╭──
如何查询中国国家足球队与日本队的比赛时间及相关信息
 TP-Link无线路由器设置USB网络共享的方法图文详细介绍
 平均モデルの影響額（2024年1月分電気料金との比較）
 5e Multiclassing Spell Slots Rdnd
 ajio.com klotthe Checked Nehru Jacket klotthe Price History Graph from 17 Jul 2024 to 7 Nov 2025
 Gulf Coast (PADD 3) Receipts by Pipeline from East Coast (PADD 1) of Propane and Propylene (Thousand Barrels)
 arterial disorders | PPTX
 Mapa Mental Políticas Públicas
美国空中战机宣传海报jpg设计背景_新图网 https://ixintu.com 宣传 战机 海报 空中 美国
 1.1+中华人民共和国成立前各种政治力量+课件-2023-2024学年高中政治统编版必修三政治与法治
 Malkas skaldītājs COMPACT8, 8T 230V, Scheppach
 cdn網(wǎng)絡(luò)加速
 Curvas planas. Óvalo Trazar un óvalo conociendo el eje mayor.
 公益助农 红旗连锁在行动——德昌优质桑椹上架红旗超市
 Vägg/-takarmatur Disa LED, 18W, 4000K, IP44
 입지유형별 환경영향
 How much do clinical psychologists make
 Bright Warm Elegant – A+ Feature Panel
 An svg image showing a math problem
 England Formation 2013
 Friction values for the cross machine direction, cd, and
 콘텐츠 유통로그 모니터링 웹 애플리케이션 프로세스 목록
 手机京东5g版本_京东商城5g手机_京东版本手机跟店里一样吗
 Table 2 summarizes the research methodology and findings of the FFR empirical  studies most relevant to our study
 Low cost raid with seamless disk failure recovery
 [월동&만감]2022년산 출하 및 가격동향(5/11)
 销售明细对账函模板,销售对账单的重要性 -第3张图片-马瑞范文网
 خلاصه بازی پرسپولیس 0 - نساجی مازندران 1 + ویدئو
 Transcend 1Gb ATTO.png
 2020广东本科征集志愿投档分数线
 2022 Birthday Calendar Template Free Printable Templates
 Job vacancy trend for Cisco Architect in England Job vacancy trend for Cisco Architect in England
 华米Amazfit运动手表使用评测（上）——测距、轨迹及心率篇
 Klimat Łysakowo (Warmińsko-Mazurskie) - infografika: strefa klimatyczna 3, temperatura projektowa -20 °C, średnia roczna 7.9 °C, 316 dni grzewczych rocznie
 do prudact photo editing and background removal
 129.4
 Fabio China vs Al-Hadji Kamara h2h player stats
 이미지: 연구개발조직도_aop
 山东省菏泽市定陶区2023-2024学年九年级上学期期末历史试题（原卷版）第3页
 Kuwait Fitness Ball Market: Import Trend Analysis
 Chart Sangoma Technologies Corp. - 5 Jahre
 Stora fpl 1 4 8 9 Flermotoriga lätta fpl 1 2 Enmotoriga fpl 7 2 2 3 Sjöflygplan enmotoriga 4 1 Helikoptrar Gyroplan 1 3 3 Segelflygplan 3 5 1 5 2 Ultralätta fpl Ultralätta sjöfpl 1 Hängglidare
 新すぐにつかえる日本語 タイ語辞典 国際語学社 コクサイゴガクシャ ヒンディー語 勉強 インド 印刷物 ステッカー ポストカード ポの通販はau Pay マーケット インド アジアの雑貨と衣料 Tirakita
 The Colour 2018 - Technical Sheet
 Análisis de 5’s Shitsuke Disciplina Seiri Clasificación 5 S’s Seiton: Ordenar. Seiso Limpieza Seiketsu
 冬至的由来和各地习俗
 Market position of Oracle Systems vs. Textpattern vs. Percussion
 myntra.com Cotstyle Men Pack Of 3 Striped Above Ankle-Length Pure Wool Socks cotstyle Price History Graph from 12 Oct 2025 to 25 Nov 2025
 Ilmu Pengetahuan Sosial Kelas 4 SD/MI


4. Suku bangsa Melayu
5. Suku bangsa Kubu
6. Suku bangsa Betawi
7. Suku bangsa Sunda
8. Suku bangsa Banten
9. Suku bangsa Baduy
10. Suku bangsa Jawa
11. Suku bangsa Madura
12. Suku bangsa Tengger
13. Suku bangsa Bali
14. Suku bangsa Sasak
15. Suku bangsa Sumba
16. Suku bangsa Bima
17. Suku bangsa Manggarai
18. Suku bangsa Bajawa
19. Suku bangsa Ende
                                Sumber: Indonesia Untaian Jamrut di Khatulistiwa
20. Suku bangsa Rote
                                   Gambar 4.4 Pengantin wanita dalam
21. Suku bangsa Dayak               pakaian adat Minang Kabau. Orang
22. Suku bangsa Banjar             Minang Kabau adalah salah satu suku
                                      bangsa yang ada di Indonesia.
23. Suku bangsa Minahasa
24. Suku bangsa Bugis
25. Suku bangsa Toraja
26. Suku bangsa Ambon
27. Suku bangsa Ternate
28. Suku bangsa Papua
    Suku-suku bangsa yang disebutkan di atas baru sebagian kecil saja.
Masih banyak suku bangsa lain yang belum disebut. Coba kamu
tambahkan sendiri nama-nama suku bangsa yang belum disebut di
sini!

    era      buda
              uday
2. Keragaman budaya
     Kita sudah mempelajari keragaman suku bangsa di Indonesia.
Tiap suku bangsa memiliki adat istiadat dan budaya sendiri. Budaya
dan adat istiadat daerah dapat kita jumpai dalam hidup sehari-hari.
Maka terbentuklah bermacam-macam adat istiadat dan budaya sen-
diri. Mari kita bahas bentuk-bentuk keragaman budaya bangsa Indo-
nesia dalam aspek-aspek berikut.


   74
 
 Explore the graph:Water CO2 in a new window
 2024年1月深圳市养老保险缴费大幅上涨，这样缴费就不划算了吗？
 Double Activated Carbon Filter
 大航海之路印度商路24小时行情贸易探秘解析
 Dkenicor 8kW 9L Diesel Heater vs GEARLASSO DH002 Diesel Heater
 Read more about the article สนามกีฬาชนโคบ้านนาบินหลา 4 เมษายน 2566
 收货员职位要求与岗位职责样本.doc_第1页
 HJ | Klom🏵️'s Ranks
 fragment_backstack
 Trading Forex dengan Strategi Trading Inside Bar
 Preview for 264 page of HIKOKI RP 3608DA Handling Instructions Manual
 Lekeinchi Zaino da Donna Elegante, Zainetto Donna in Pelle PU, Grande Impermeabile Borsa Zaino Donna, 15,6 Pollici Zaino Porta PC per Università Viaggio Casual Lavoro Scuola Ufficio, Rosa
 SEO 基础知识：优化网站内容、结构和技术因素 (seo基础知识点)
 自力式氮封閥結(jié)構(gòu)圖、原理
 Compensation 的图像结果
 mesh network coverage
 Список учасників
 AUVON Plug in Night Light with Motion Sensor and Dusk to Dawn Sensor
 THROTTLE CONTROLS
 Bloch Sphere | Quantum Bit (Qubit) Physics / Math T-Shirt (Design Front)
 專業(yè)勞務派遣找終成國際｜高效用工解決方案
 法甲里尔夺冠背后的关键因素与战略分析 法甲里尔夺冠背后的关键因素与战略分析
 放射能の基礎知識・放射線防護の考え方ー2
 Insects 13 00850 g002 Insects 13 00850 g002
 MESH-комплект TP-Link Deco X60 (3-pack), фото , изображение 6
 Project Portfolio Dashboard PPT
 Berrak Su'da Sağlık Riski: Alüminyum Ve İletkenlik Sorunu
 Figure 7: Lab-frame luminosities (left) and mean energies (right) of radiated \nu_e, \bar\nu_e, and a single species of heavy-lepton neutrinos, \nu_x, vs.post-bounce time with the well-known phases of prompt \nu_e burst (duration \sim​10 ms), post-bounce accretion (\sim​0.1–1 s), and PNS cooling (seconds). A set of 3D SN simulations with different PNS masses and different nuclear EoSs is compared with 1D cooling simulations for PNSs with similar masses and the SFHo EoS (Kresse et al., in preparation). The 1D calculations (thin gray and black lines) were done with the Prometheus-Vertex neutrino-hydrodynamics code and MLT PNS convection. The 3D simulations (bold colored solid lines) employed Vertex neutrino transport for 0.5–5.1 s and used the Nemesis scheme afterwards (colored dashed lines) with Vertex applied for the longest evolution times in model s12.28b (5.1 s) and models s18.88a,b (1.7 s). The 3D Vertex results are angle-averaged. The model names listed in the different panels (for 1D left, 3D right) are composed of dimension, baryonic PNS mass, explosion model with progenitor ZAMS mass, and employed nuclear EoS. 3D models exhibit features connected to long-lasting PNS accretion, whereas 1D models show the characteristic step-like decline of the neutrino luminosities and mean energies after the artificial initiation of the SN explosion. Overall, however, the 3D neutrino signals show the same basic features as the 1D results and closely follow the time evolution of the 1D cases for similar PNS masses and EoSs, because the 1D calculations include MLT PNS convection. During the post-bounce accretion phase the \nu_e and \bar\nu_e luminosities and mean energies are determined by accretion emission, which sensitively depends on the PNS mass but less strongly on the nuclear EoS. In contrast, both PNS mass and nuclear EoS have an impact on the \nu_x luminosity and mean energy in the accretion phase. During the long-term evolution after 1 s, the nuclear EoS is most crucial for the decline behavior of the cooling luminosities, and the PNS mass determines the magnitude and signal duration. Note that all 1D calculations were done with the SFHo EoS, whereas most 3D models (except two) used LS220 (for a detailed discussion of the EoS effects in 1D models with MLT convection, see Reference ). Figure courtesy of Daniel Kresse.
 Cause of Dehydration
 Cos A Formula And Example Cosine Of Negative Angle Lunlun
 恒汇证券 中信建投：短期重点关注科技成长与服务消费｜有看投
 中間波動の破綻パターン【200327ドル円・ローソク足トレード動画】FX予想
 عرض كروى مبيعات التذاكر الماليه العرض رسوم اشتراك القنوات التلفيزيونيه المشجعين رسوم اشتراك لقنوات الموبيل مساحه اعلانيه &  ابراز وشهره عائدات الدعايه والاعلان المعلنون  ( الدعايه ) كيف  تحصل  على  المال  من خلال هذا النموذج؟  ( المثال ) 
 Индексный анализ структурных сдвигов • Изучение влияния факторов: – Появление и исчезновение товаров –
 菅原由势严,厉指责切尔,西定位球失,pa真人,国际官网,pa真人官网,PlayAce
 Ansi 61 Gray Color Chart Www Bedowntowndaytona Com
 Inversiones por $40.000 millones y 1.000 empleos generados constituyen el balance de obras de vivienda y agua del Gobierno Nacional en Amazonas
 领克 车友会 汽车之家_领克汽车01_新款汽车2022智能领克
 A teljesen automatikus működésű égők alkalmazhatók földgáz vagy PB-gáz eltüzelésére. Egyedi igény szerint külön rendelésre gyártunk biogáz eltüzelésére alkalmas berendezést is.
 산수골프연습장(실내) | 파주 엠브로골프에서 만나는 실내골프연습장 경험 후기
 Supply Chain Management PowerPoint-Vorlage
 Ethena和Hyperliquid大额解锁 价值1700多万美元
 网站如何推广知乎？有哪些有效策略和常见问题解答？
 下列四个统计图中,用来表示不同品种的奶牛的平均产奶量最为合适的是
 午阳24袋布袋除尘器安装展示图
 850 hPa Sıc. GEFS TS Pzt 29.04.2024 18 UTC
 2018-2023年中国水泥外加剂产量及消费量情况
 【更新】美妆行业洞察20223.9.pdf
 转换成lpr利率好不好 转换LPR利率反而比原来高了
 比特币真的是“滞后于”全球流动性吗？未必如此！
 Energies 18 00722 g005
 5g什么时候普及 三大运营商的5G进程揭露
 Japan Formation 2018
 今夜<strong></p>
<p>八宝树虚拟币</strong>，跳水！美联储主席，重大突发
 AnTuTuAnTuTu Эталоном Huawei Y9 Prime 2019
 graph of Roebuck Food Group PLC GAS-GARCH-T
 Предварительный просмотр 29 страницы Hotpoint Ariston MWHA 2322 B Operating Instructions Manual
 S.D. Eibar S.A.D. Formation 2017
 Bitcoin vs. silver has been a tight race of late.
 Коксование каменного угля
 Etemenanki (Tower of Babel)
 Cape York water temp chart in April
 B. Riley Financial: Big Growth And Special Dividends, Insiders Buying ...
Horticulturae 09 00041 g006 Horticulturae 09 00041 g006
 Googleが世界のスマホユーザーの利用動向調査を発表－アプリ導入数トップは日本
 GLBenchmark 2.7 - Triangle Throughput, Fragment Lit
╰──
- [What is required]:
As listed above, the lines from the line with "do prudact photo" to the line with "5. Suku bangsa Kubu" are to be echoed exactly, with both ends included and nothing added.

- [Reply]:
 do prudact photo editing and background removal
 129.4
 Fabio China vs Al-Hadji Kamara h2h player stats
 이미지: 연구개발조직도_aop
 山东省菏泽市定陶区2023-2024学年九年级上学期期末历史试题（原卷版）第3页
 Kuwait Fitness Ball Market: Import Trend Analysis
 Chart Sangoma Technologies Corp. - 5 Jahre
 Stora fpl 1 4 8 9 Flermotoriga lätta fpl 1 2 Enmotoriga fpl 7 2 2 3 Sjöflygplan enmotoriga 4 1 Helikoptrar Gyroplan 1 3 3 Segelflygplan 3 5 1 5 2 Ultralätta fpl Ultralätta sjöfpl 1 Hängglidare
 新すぐにつかえる日本語 タイ語辞典 国際語学社 コクサイゴガクシャ ヒンディー語 勉強 インド 印刷物 ステッカー ポストカード ポの通販はau Pay マーケット インド アジアの雑貨と衣料 Tirakita
 The Colour 2018 - Technical Sheet
 Análisis de 5’s Shitsuke Disciplina Seiri Clasificación 5 S’s Seiton: Ordenar. Seiso Limpieza Seiketsu
 冬至的由来和各地习俗
 Market position of Oracle Systems vs. Textpattern vs. Percussion
 myntra.com Cotstyle Men Pack Of 3 Striped Above Ankle-Length Pure Wool Socks cotstyle Price History Graph from 12 Oct 2025 to 25 Nov 2025
 Ilmu Pengetahuan Sosial Kelas 4 SD/MI


4. Suku bangsa Melayu
5. Suku bangsa Kubu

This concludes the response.